“Never say ‘no comment’ when talking to reporters.” When I started my career I heard this mantra from every school PR professional I met. The first thing to understand is that no one is ever tempted to say, “No comment,” when asked why their school system has a large reserve fund, how the superintendent snagged a lucrative private grant, or how 20 percent of the senior class aced the SAT (highly unlikely unless by cheating). In truth, I never had to answer questions like these. The Superintendent fielded the good ones. Spokespeople hope for laryngitis — the only legitimate substitute for “no comment” — when a police sting leads to massive arrests on campus, someone accuses a volunteer of selling weed to staff, or a cafeteria worker is caught with her hands in the cookie jar.
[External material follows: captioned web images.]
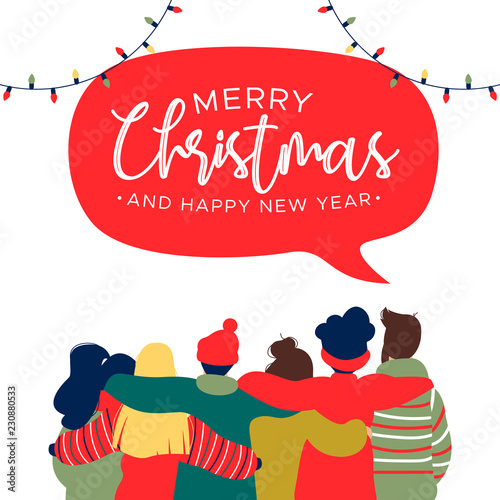 Christmas and New Year diverse friend group card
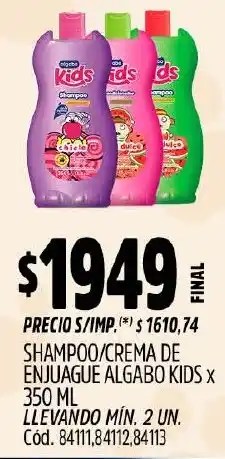 Supermercados Yaguar Algabo kids shampoo/crema de enjuague oferta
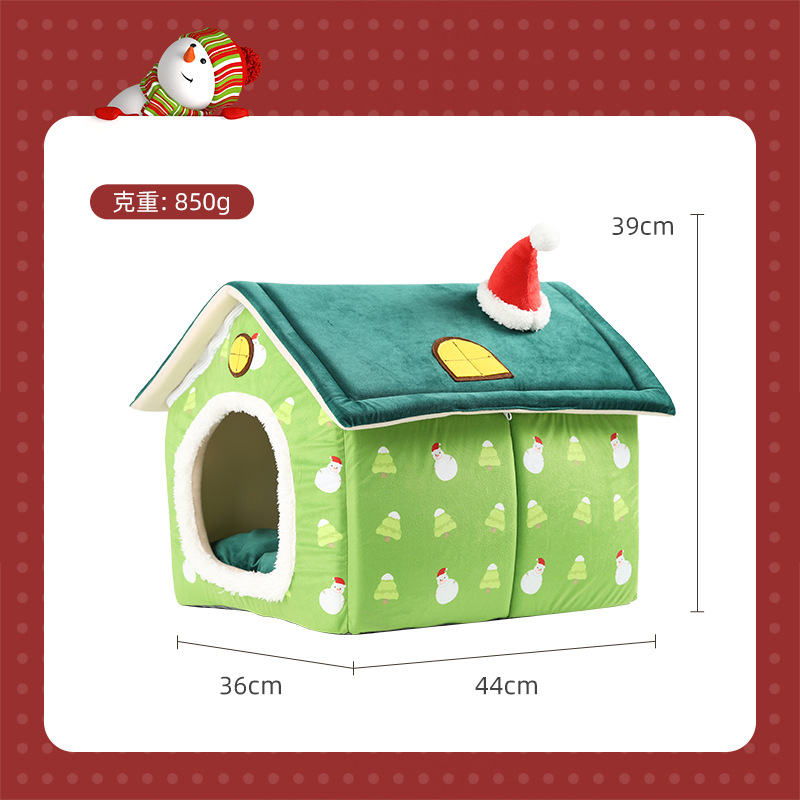 Christmas Snow House Cat Nest Large Space Fully Enclosed Winter Warm Jingling Bell Nest Dog Nest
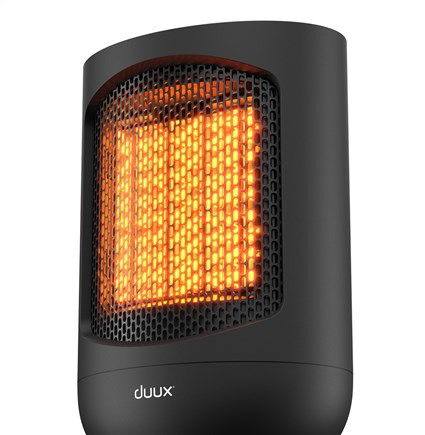 Duux DXCH41 Radiateur céramique d'appoint Zone Personal 1500 W Noir, trois réglages de chaleur, thermostat, indice IP21 pour salles humides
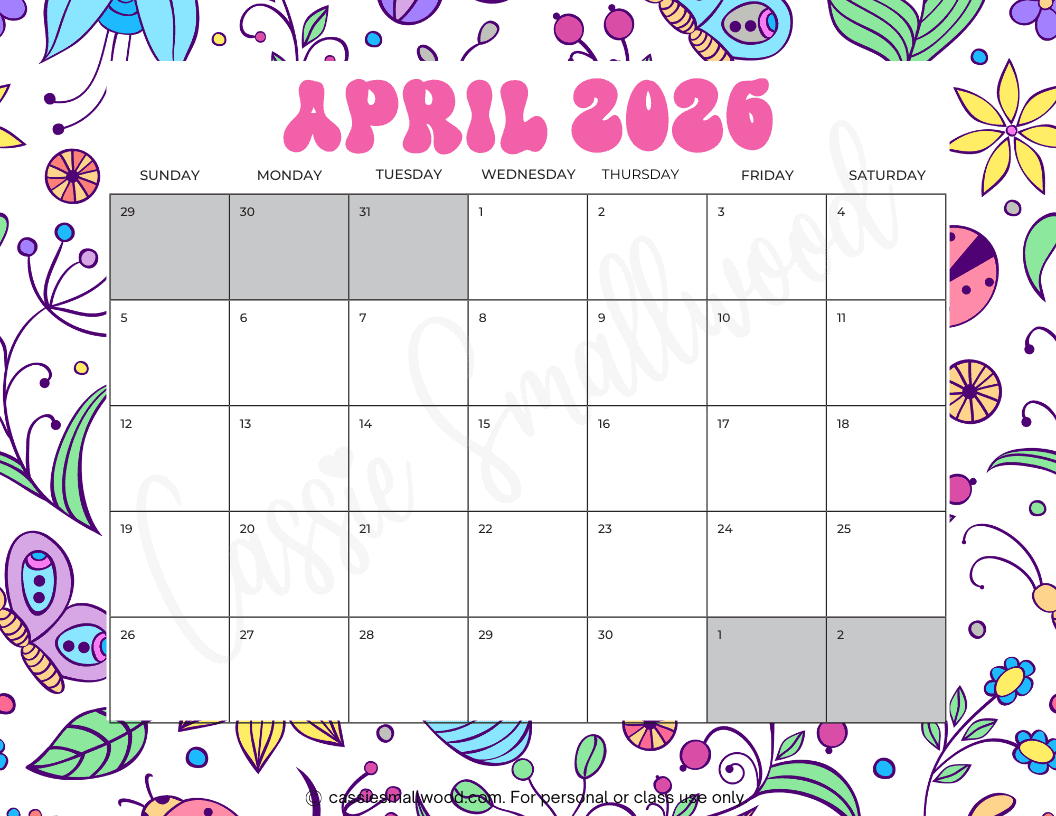 Blank April Calendar 2026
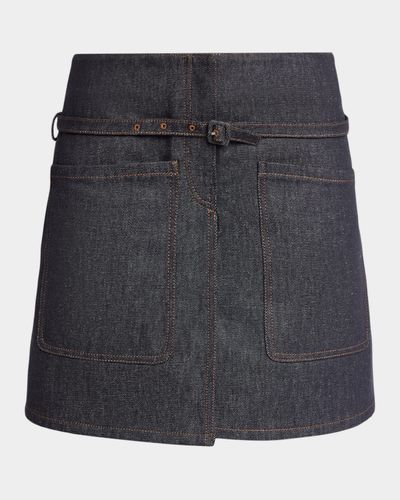 Courreges Two Pockets Denim Mini Skirt With Belt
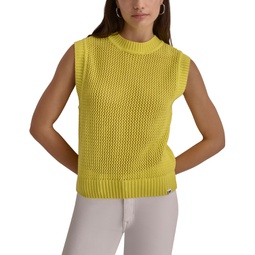 Womens Cotton Open-Stitch Sweater Vest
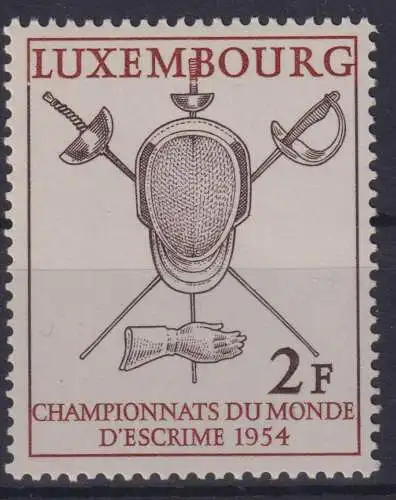 Luxemburg 523 Sport Fechten Weltmeisterschaft Luxus postfrisch Ausgabe 1954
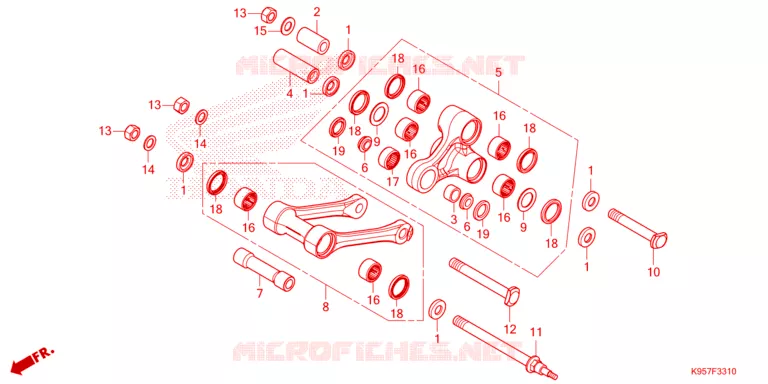 REAR SHOCK & ROCKER ARM Honda MOTO 250 CRF 2025  CRF250RS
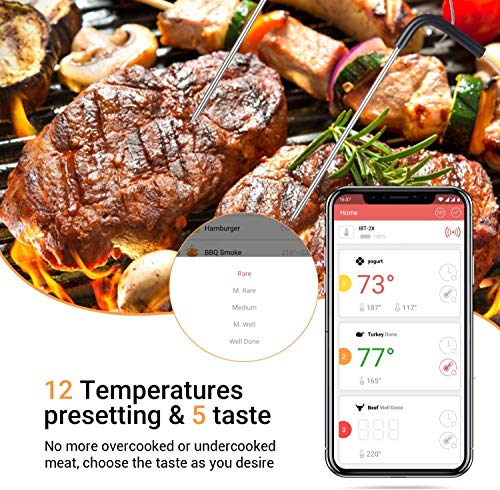 Inkbird IBT-2X 4.0 Termometro Barbacoa Digitales Termómetros de Cocina Bluetooth Termometro con Inoxidable Sonda Temporizador Portatil con Pantalla LED de Alarma Barbacoas Horno Parilla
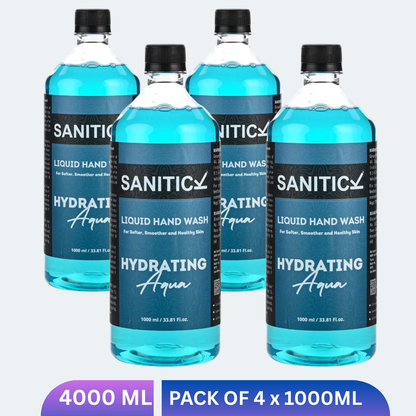 Blue liquid handwash refill pack with hydrating aqua graphic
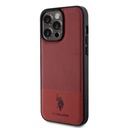 Apple iPhone 15 Pro Max Uyumlu Kılıf U.S. Polo Assn. Orjinal Lisanslı Suni Deri Arka Yüzey Baskı Logolu Örgü Desenli Kapak - 22
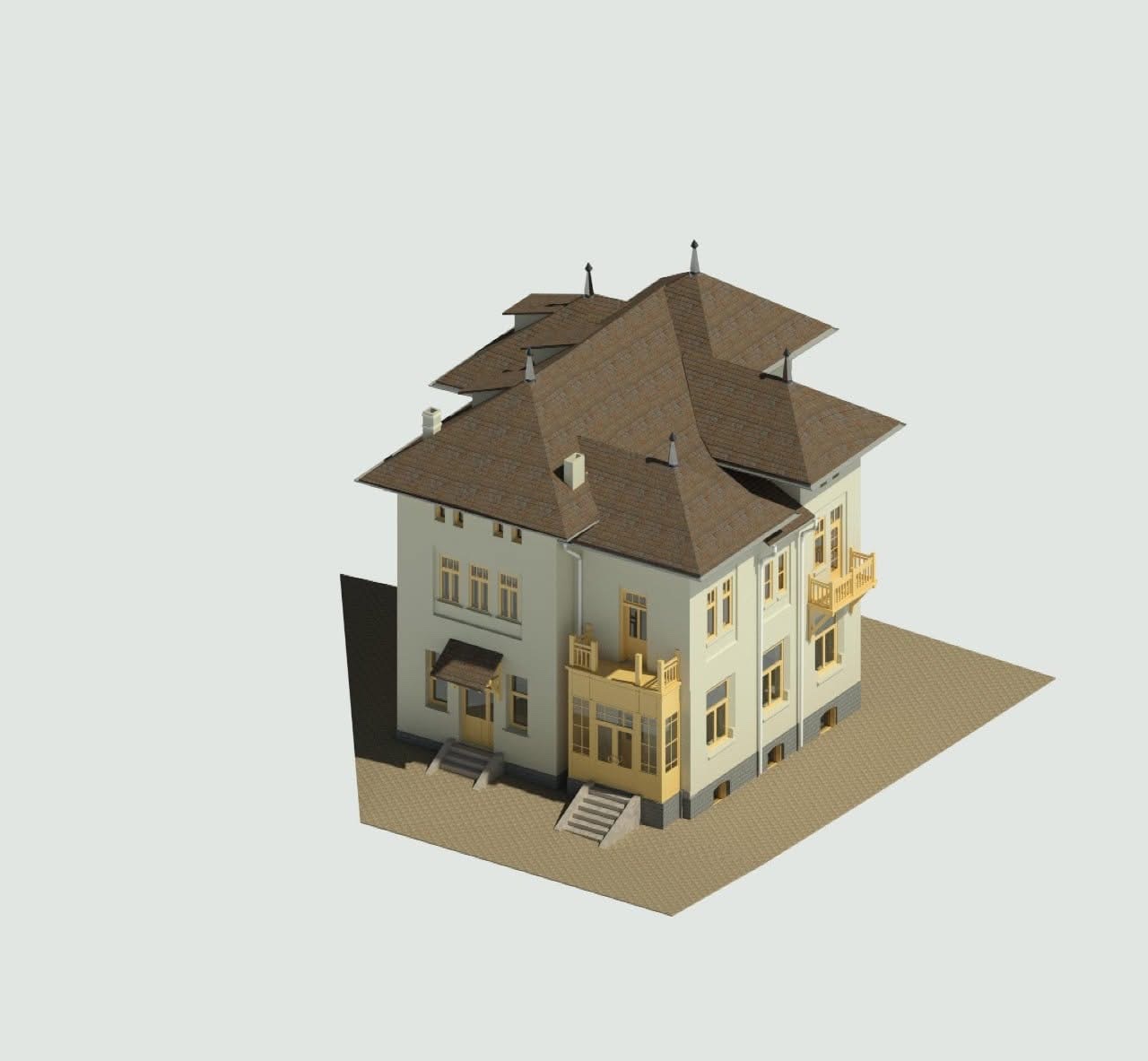 Model 3D al unei vile din Băile Govora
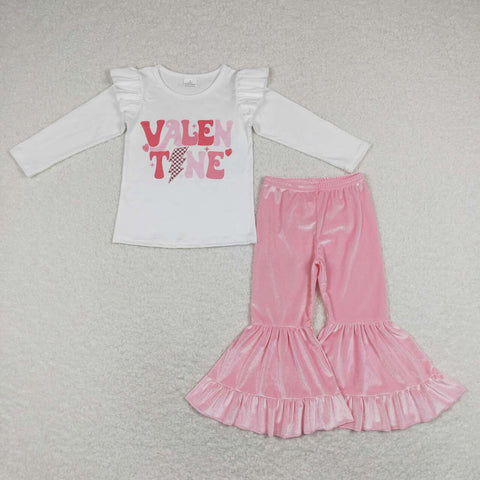 GLP1141 baby girl clothes girl valentines day clothes toddler bell bottom outfit pink velvet pant set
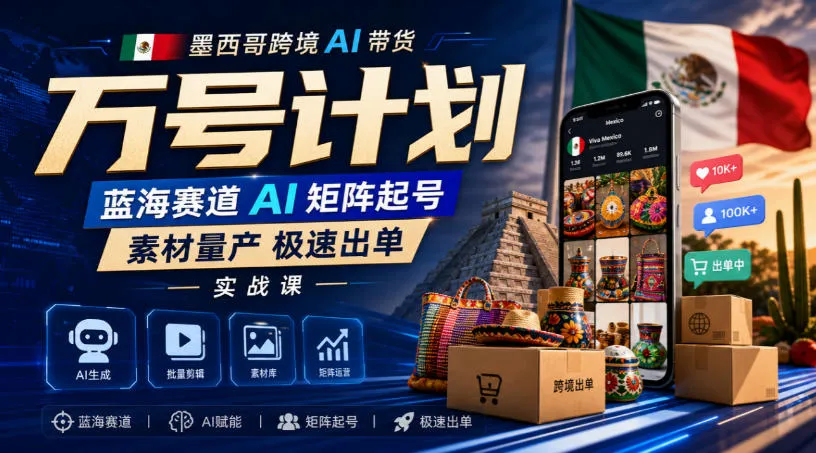 墨西哥跨境AI带货万号计划，蓝海赛道AI矩阵起号，素材量产极速出单实战课-副业吧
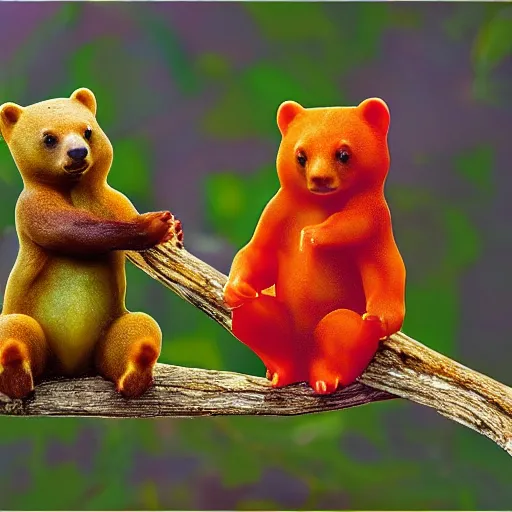 Image similar to national geographic photos of wild gummy bears, wildlife photography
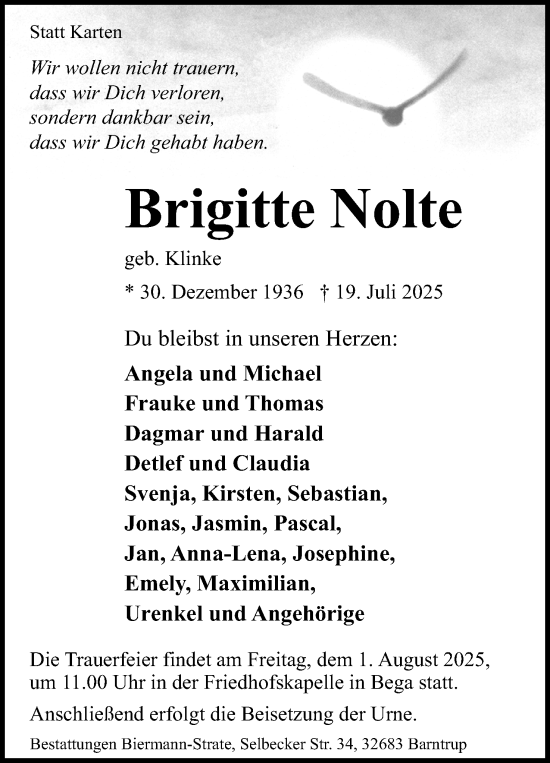 Anzeige  Brigitte Nolte  Lippische Landes-Zeitung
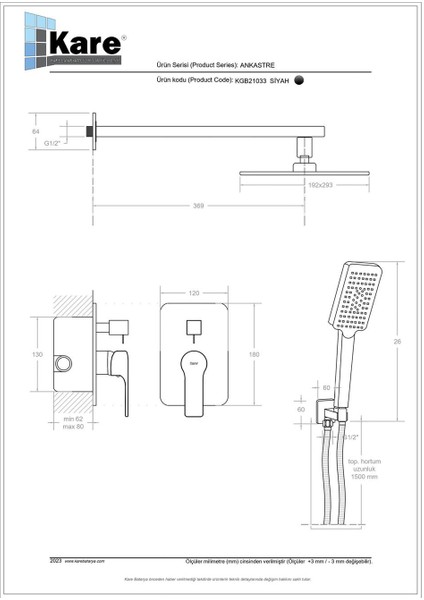 Ankastre Siyah 2 Yollu Banyo Set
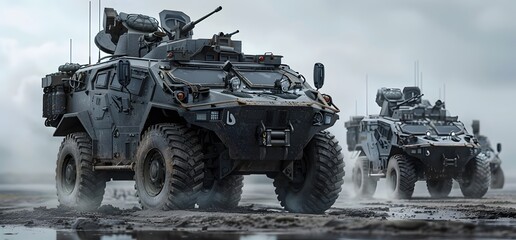 A highly detailed photo of an armored vehicle, with two other vehicles in the background, symbolizing strength and protection. 
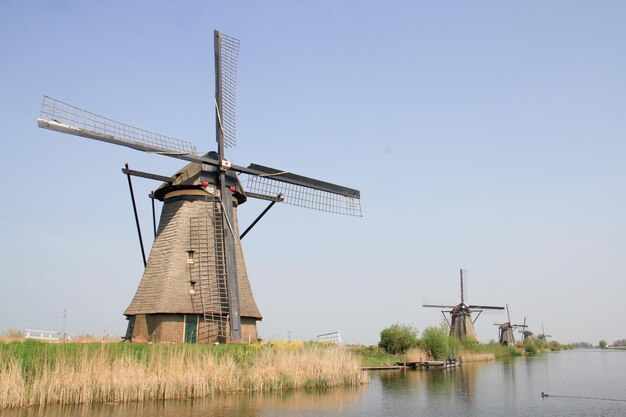 Windmills on the canal bank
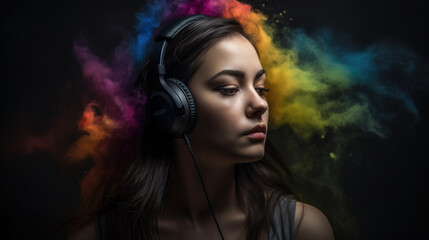 A beautiful girl in headphones listens to music, enjoying it created with generative AI technology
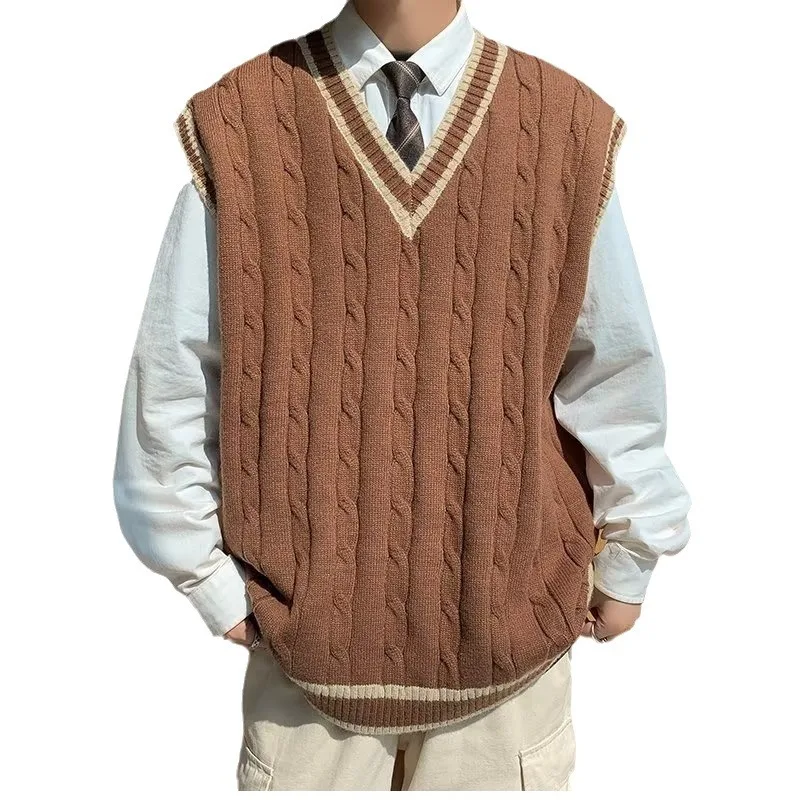 Sweater Vest Men V Neck Sleeveless Knitted Vests Tops Coats Knit Sweaters Splice Casual Loose Top Regular Autumn Winter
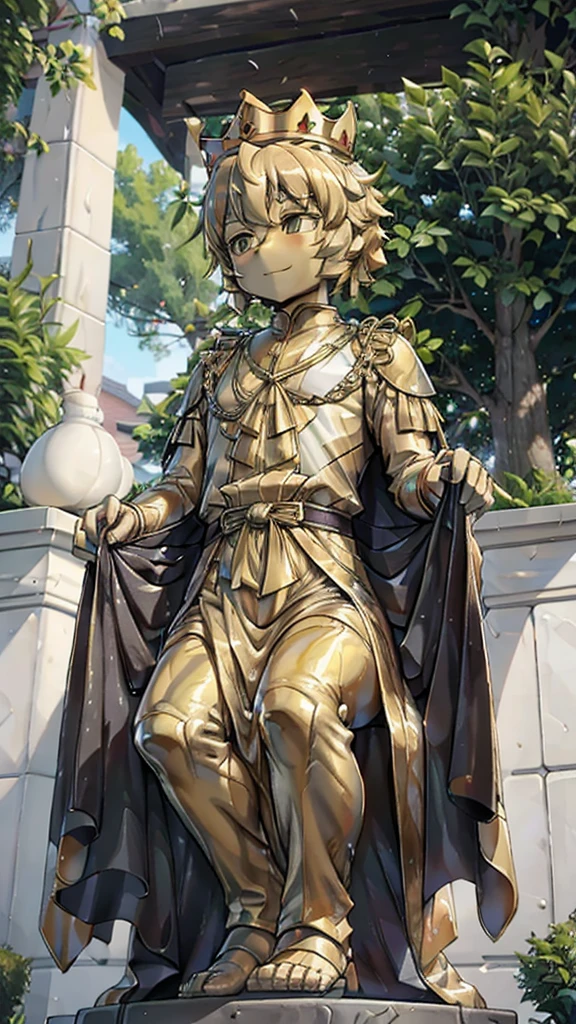 王子的黄金statue，Prince style，Prince costume，宫廷Dress，黄金statue，男孩的黄金statue，带着黄金冠冕的黄金statue，脚边停着一只燕子的黄金statue，金色男孩statue，黄金statue，Dress，Dress，西式宫廷男士Dress，cute男孩，British style，Victorian style，crown，crown，cute，cute，Golden Boy Sculpture，金色男孩statue，黄金statue，佩剑的黄金statue，腰带上挂着配剑的黄金statue，statue，statue，statue，巨大金色statue，巨大金色statue，Outdoor Background，微笑的statue，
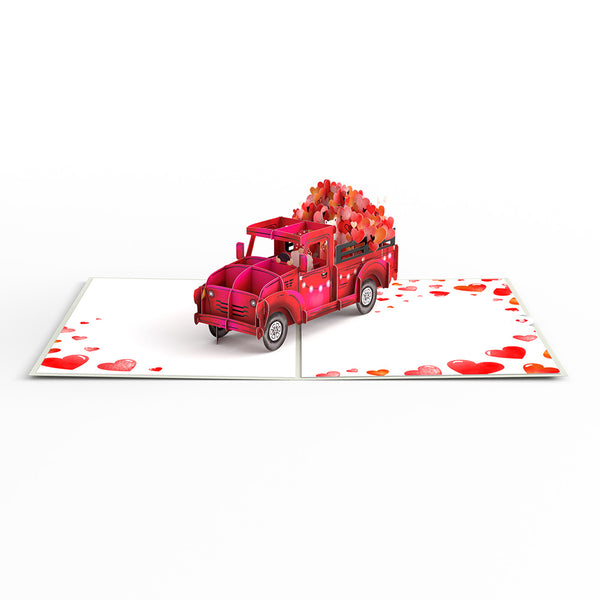 I Love Pop Love Delivery Truck Pop-Up Card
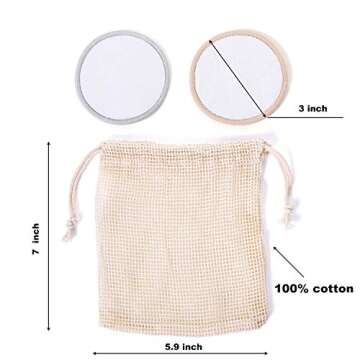 Reusable Makeup Remover Pads | Bamboo Removal Pads | Washable Eco-Friendly Cotton Rounds with Laundr...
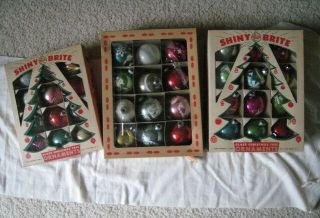 36 Vtg Authentic Christmas Tree Glass Ornaments Shiny Brite Coby Handpainted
Despite the counsel to say something, anything but “no comment,” some spokespeople still find themselves speechless. Maybe that’s not all bad. Take the report in today’s Seattle Times (“Report: U.S. pays out millions to dead people”) that “The U.S. government pays out millions of dollars to dead people each year, including deceased, retired federal workers…” The good news is that the son who collected his departed father’s check for 37 years has now died and the federally-hosted party for one family has finally ended. The guilty agency is the Office of Personnel Management (OPM). According to the article, “An OPM spokesman had no comment.” Think about it. A government official called their attention to the same problem in 2005 and 2008. What could the spokesman say to convince an audience that the agency had the situation nearly under control: “Trust me, this will never happen again?” “No one told us that ‘the deceased’ were not a protected class?” “We didn’t want to cause upset with a phone call asking who among the family members were still alive and who were still dead?”
This brings me to the subject of comments vs. no comments in my new life, the world of blogging. A friend and I, both recovering school district spokeswomen, have long discussions over how to attract new traffic to our blogs (outrageous headlines and how-to-lose weight posts work best), and how to encourage readers to comment. We laugh about different situations on the job when all we wanted was to say “no comment” but couldn’t, and had to struggle to find the words we could use on camera. But now, instead of avoiding comments we are making them and seeking them. Funny how things turn out. Please be assured that whatever solution we come up with to generate more comments, we will not pad our numbers with responses from the dearly departed.
Perhaps the desire to no-comment the inquiries back in the day and the more forthcoming blogorrhea of today has to do with the former obligation to defend/cover/spin other people’s missteps and crimes, whereas today one speaks for herself. You are ready to take responsibility for any of your remarks, while in the past you had to speak for those who maybe were not doing so.
Another possibility is that some PR people confuse their responsibility to ensure true and accurate information with a responsibility to spin a story so their institution looks good.
A PR person who gets caught up in the spin business destroys his or her own credibility. Besides “no comment” is a red flag for a reporter.